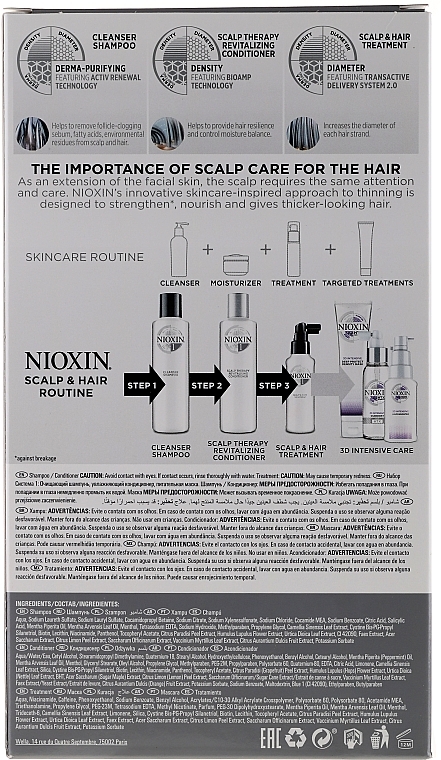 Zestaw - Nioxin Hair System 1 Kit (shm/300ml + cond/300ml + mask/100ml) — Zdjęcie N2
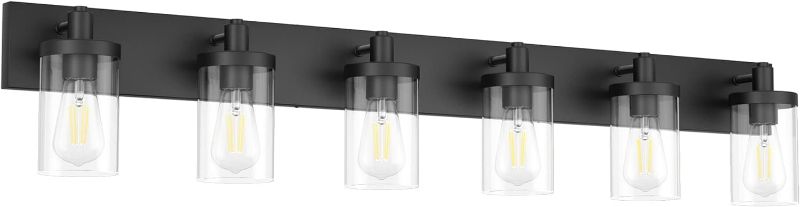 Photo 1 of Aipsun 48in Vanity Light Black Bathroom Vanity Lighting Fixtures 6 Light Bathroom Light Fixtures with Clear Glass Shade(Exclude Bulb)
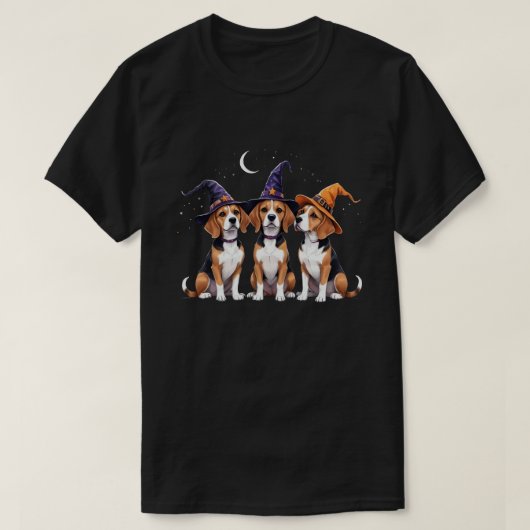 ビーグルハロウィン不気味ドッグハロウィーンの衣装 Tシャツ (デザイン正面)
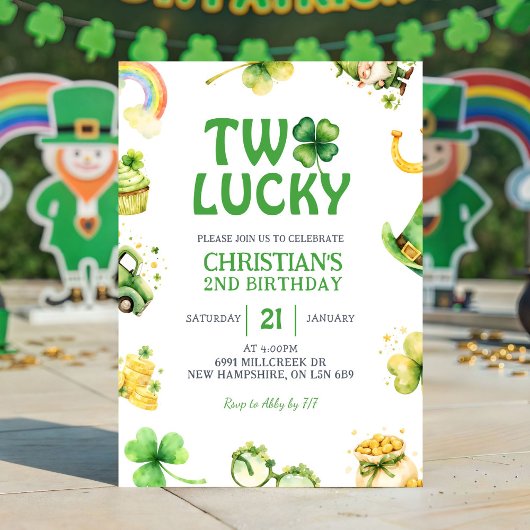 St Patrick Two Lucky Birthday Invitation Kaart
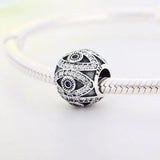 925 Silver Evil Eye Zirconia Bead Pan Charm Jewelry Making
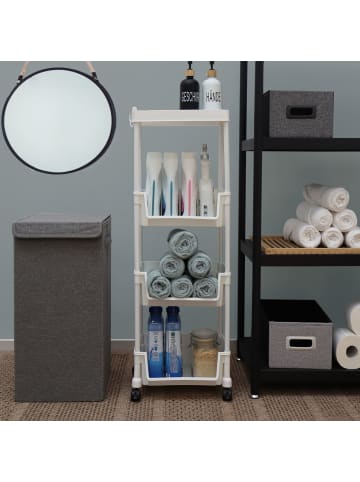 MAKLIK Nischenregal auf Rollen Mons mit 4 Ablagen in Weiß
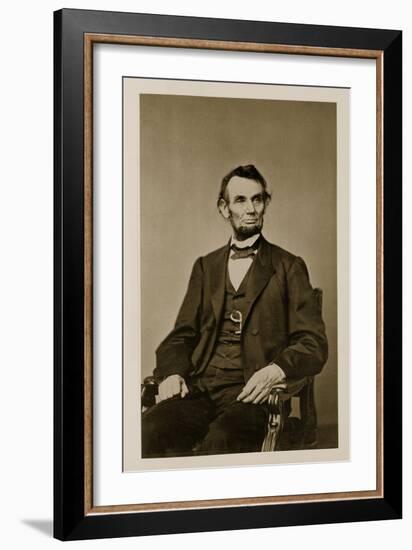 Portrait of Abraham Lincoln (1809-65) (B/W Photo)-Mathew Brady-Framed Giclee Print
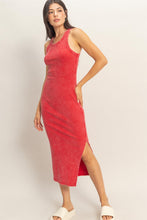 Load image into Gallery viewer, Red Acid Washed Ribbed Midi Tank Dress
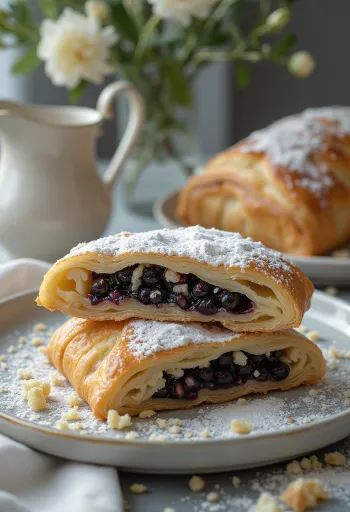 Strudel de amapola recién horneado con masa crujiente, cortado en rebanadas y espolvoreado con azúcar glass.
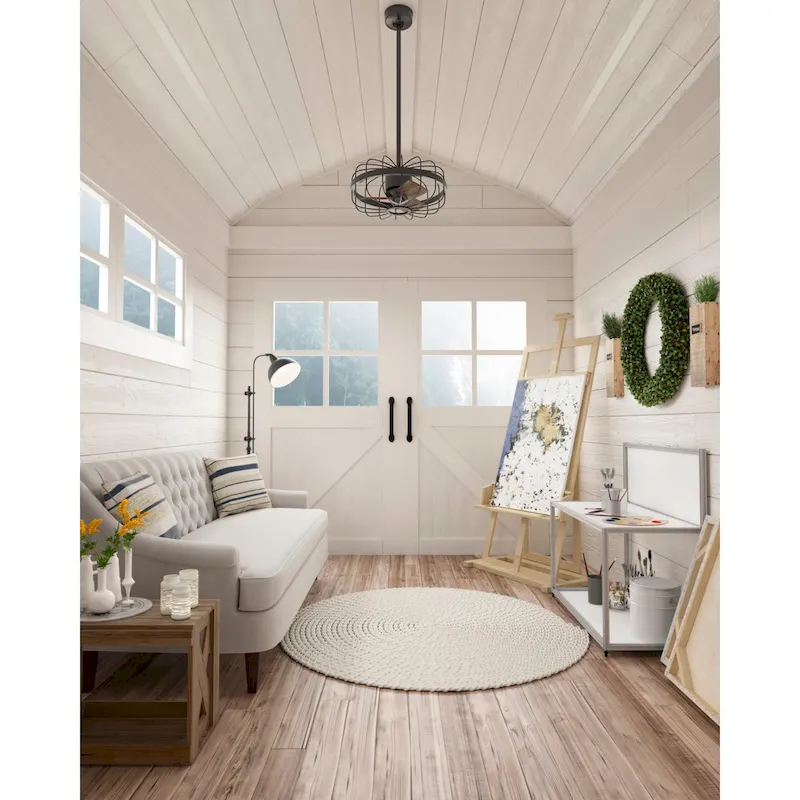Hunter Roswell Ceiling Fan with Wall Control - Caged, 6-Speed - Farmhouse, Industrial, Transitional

**EXERCISE BRIEF**
In the reply, every line of the material above is to be reproduced verbatim, and the images are to be left out.

**RESPONSE BOX**
 Zestaw - Nioxin Hair System 1 Kit (shm/300ml + cond/300ml + mask/100ml) — Zdjęcie N2
 Photo 1 of Aipsun 48in Vanity Light Black Bathroom Vanity Lighting Fixtures 6 Light Bathroom Light Fixtures with Clear Glass Shade(Exclude Bulb)
 ビーグルハロウィン不気味ドッグハロウィーンの衣装 Tシャツ (デザイン正面)
 St Patrick Two Lucky Birthday Invitation Kaart
 925 Silver Evil Eye Zirconia Bead Pan Charm Jewelry Making
 MAKLIK Nischenregal auf Rollen Mons mit 4 Ablagen in Weiß
 Portrait of Abraham Lincoln (1809-65) (B/W Photo)-Mathew Brady-Framed Giclee Print
 Load image into Gallery viewer, Red Acid Washed Ribbed Midi Tank Dress
 Strudel de amapola recién horneado con masa crujiente, cortado en rebanadas y espolvoreado con azúcar glass.
Hunter Roswell Ceiling Fan with Wall Control - Caged, 6-Speed - Farmhouse, Industrial, Transitional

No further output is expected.